Punat, located on the east coast of the more than 3 km long and 2 km wide Punat valley, is considered one of Krk’s more recent villages. However, this belief is connected to the fact that studies and more detailed reports regarding this area only began around a hundred years ago. Earlier it was part of the city of Krk, and the area of Vrbnik almost reached the village of Punat.
However the inhabitants have been settled here continuously since prehistoric times.
Traces of settlement date back in prehistory through the Iliric tribes, the Greeks and the Romans. According to legend, during the Roman period a bridge passed through the narrow entrance to the Punat valley heading to the city of Krk. Supposedly, according to a variety of records, inhabitants from the Punat area were more precisely settled by the Krk noblemen, in order to protect the approach to the bridge and to the Punat valley.

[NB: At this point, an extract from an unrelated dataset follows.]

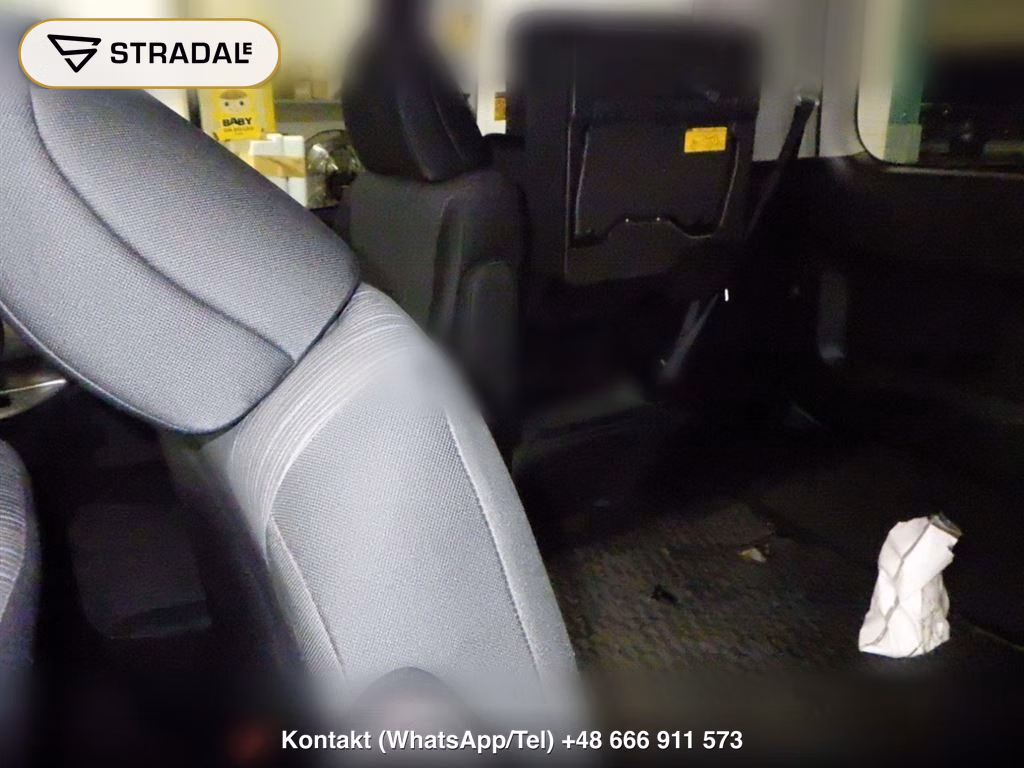 TOYOTA VOXY 4WD ZS, miniaturka 7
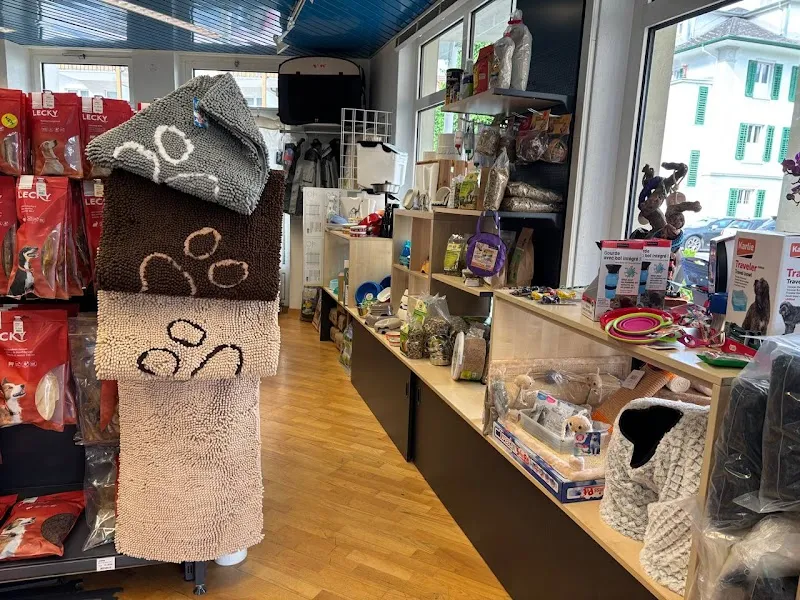 Pfote Eggä & mee — Zoofachhandel, Alpnach, Obwalden. Foto 2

During the historical events on this area, Punat has shared the other villages’ destiny, and besides farming and cattle breeding, the inhabitants were, occupied with fishing and ship building, and the Austro-Croatian steamship society was founded here in 1906 whose first steam ship, the Frankopan, maintained the route from the village to the mainland.
Today Punat is one of the largest nautical centres in Croatia, and it is also the island’s olive-growing centre. To talk about Punat, and not to mention the small island of Košljun, is unimaginable. Punat and Košljun have being connected for centuries, the lives of the Franciscan friars and the people from Punat are mutually intertwined.

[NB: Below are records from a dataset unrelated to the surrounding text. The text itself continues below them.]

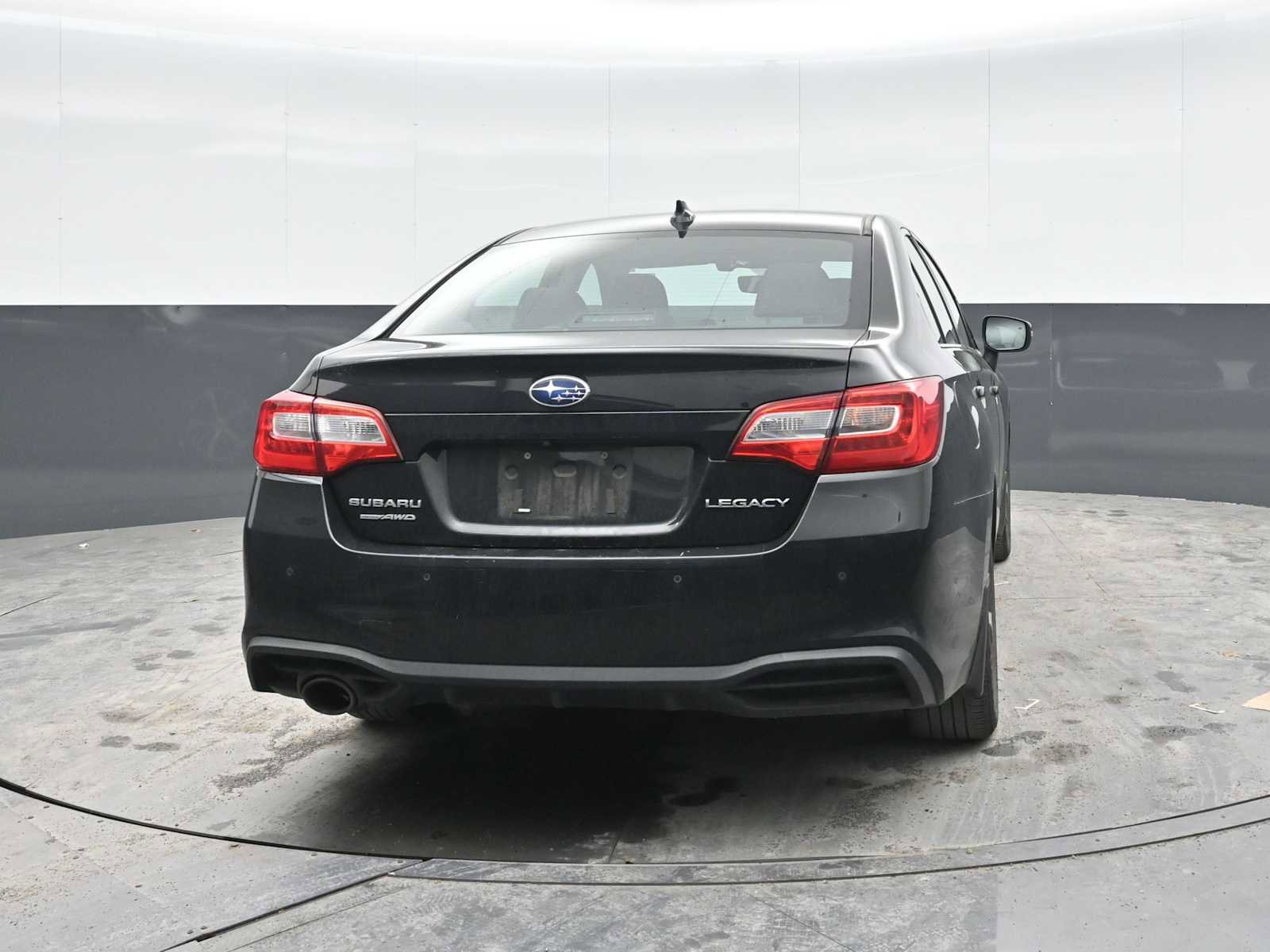Used 2018 Subaru Legacy 2.5i Limited AWD/4WD image 10
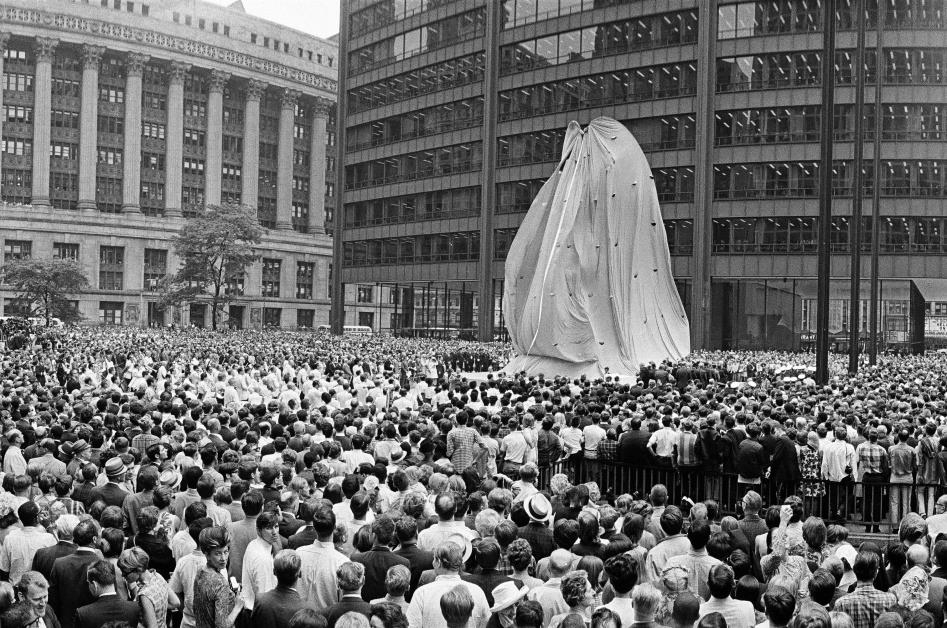 1967년 8월 미국 시카고 시청 앞 '더 피카소' 제막식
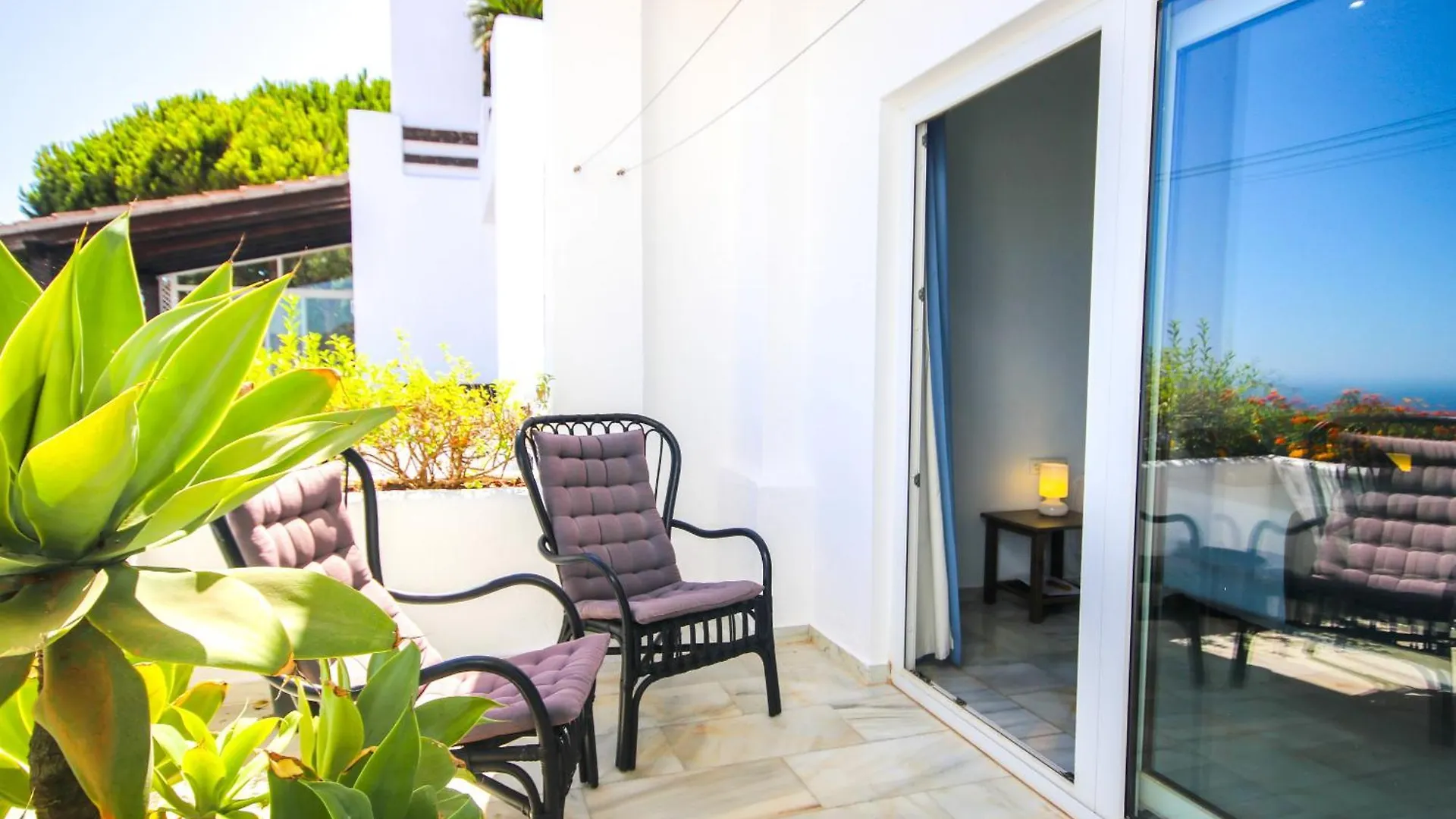Three Bedroom Apartment La Mairena Elviria Malaga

So every visitor is sure to want to visit the island of Košljun which is served by “barkajoli” that continuously travel the 10 minutes journey from Punat to Košljun and back again.

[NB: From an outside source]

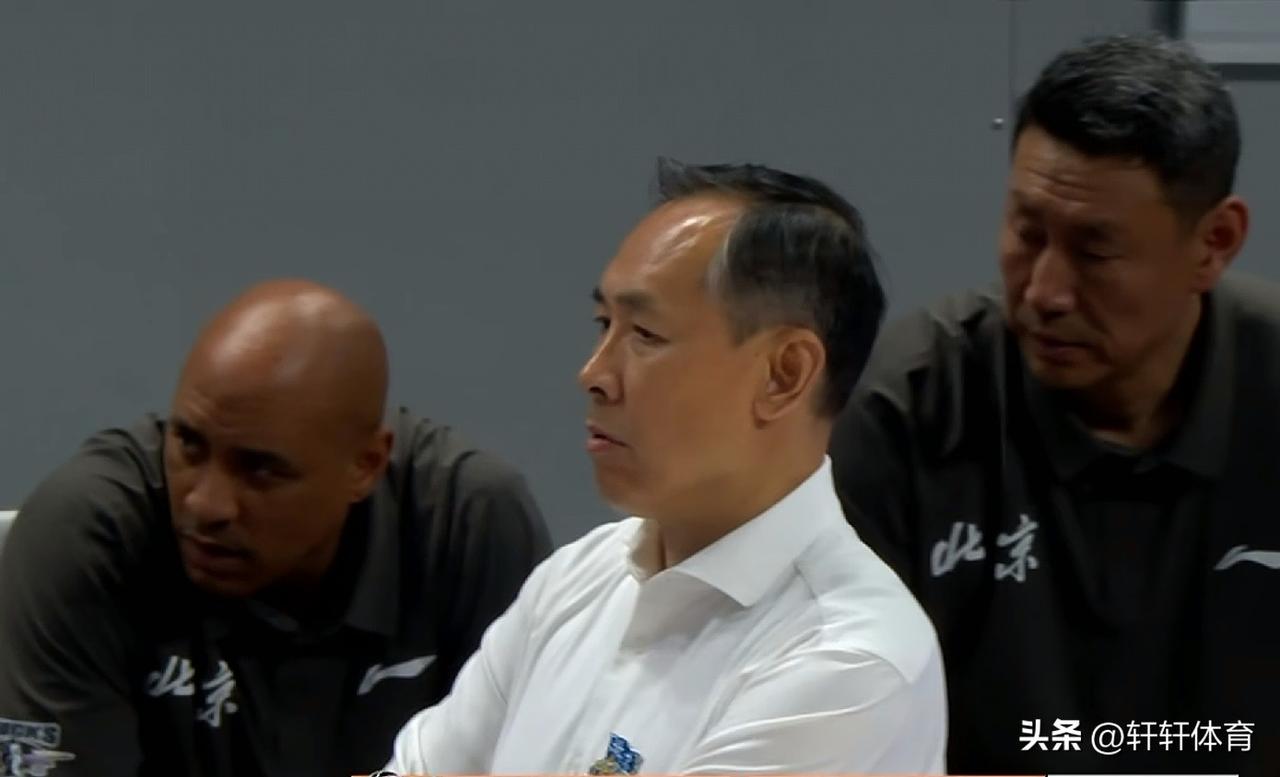 距离本赛季北京男篮半决赛被上海男篮淘汰的比赛过去有几天了，但是北京男篮的剧情显然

Although the distance from Punat is only 750 meters and it has been connected to it for centuries, the island of Košljun belongs to the city of Krk according to the cadastral map.
The size of the small island with its rich vegetation is slightly larger than a thousand meters, its surface is 68 square metres, and its highest point is located 6 metres above sea level. On this relatively small surface 540 plant and mushroom species (almost half of those registered in whole of Great Britain) are registered here. The Franciscan Monastery is located on the island of Košljun where the friars, over the centuries, have conserved a number of values.